Sometimes I use all four for one picture, but I'm mostly traditional (Paper and Pencil)!


----------



## ArtVulpine (Apr 9, 2017)

I used to use GIMP, but now i use Fire Alpaca, a free Japanese based art system. It's easy to use and has lots of tools.


----------



## Fishsticks03 (Apr 11, 2017)

I use Adobe draw


----------



## estiniens (Apr 11, 2017)

I do everything (including photo/screenshot edits) in Paint Tool Sai.


----------



## lajm (Apr 11, 2017)

the good ol' paper & pencil


----------



## RailRide (Apr 15, 2017)

Primarily, an ancient Win98-era Photoshop wanna-be known as Micrografx Picture Publisher. It was the first image editor I knew of (other than Photoshop) that showed you the size+shape of your brush (in the form of an outline) before you actually started putting down pixels.

After the turn of the century, I started to dabble with vectors. Vector graphics were total voodoo to me until I understood what awsomely smooth and editable curves they could produce. For a while I fooled around with a promotional copy of Deneba Canvas (an old version provided on a computer magazine coverdisc), but did not fully grasp how to use vectors until years later when I found Inkscape. I used it primarily to ink, and once did a complete near photo-quality vectorization of some car photos. I use it less often now due to practice with digital inking with modern digital paint applications (primarily for their canvas-rotate features)

As far as "modern" digital art apps, I switch back and forth between Krita and Clip Studio Paint EX (the $210 version--which I got for about $80 since Smith Micro throws on a substantial discount twice a year or so*). I had CSP first, then added Krita around about the time they announced that animation support is in the future. (Right around the time they did just that, Celsys/Smith Micro added this functionality to Clip Studio).

Krita's animation support is getting better, adding the ability to export animations in standard video file formats (MP4, MKV, etc) and most recently, add sound to animation. Enhanced support for vector graphics is also in the future. Despite having two licenses for CSP, I fool around with Krita for the novelty of having such a powerful freeware application. But no single application is my "one and only" anymore.
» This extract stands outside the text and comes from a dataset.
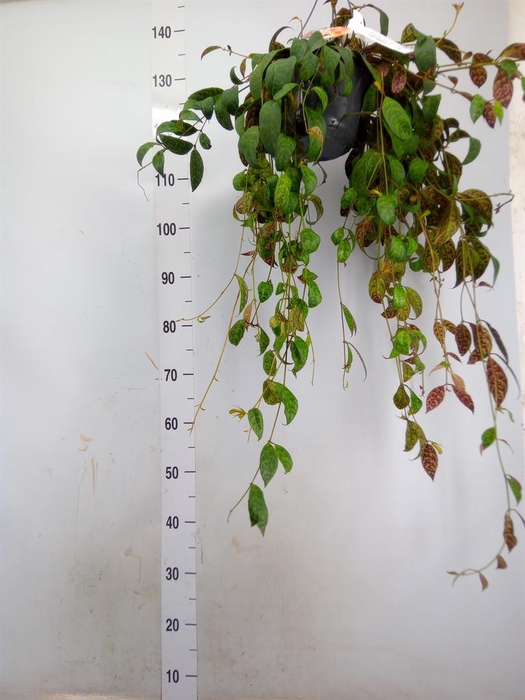 <h4>Aeschynanthus marmoratus</h4>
While I haven't installed it yet, OpenToonz allows vector drawing of still images as well as full-on animation, so that is another free application to explore.

Less frequently used are SmoothDraw and MyPaint. Both support layers and canvas rotate and are fairly small applications. I basically experimented with them to see if I could complete a project with them. I haven't done more than a couple of pics with either one since I have so many other applications to use/learn.

---PCJ

*--There is was a promotion going on RIGHT NOW where you can buy a digital download of the pro version of Clip Studio for $79 until 4/18/17. Keep an eye on their site or get on their mailing list to get notice when they put CSP or Anime Studio...er...MOHO on sale again


----------



## Deleted member 82554 (Apr 15, 2017)

MS Paint. Just look at my stickman, isn't he great?!?


----------



## spacerogue (Apr 19, 2017)

Been using Clip for a few years now, I also own a copy of a newer app called Paintstorm and I can't decide what one I love the most ,lol. 

They both are great really, I try to use them both at what they excel at.


----------